Le Département d’État américain a justifié sa décision en dénonçant les propos « imprudents et incendiaires » de M. Petro. Lors d’une manifestation contre la guerre à Gaza vendredi, le président colombien avait lancé un appel direct aux soldats américains : « Je demande à tous les soldats de l’armée des États-Unis, ne pointez pas vos fusils contre l’humanité » et « désobéissez aux ordres de Trump ». Sur les réseaux sociaux, le Département d’État a affirmé que M. Petro avait « incité à la violence » en encourageant la désobéissance.
Gustavo Petro, de retour en Colombie samedi conformément à un décret de délégation de pouvoirs daté du 18 septembre, a réagi sur X (anciennement Twitter) en affirmant que le droit international lui conférait une immunité pour se rendre à l’ONU et que son opinion ne devait pas être sanctionnée. Il a également souligné qu’il possédait la nationalité européenne, ce qui le dispensait de visa pour les États-Unis, ajoutant qu’il ne craignait pas de « punition ».
Cet incident s’inscrit dans un contexte de relations déjà tendues.

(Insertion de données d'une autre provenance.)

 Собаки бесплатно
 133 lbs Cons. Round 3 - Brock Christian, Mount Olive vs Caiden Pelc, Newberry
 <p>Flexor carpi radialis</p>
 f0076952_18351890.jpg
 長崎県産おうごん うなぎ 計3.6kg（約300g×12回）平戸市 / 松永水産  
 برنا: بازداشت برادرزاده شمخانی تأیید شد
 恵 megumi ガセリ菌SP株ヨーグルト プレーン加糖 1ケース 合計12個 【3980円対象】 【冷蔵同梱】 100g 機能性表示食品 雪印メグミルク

M. Petro, premier président de gauche de la Colombie, a notamment critiqué le siège de Gaza par Israël, le qualifiant de « génocide », après la rupture des liens diplomatiques entre la Colombie et Israël l’année dernière suite à la guerre Israël-Hamas. Il avait également, lors de son discours devant l’Assemblée générale des Nations Unies mardi, demandé l’ouverture d’une enquête criminelle à l’encontre de Donald Trump et d’autres responsables américains impliqués dans des opérations militaires meurtrières en mer des Caraïbes, présentées par la Maison Blanche comme des actions contre le trafic de drogue.

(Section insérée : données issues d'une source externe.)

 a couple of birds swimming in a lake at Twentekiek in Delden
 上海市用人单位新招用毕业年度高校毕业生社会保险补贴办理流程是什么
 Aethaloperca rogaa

Par ailleurs, les États-Unis ont récemment reproché à la Colombie son manque de coopération dans la lutte contre le narcotrafic, une critique qui a frustré M. Petro. Il a souligné que son pays avait déjà perdu des vies – policiers, soldats et civils – en tentant d’empêcher l’acheminement de cocaïne vers les États-Unis. Plus tôt cette année, une crise diplomatique avait éclaté suite à l’opposition de M. Petro aux vols de déportation effectués par des avions militaires américains, menaçant de représailles commerciales de la part de l’administration Trump. La Colombie, partenaire commercial majeur des États-Unis, avait finalement cédé.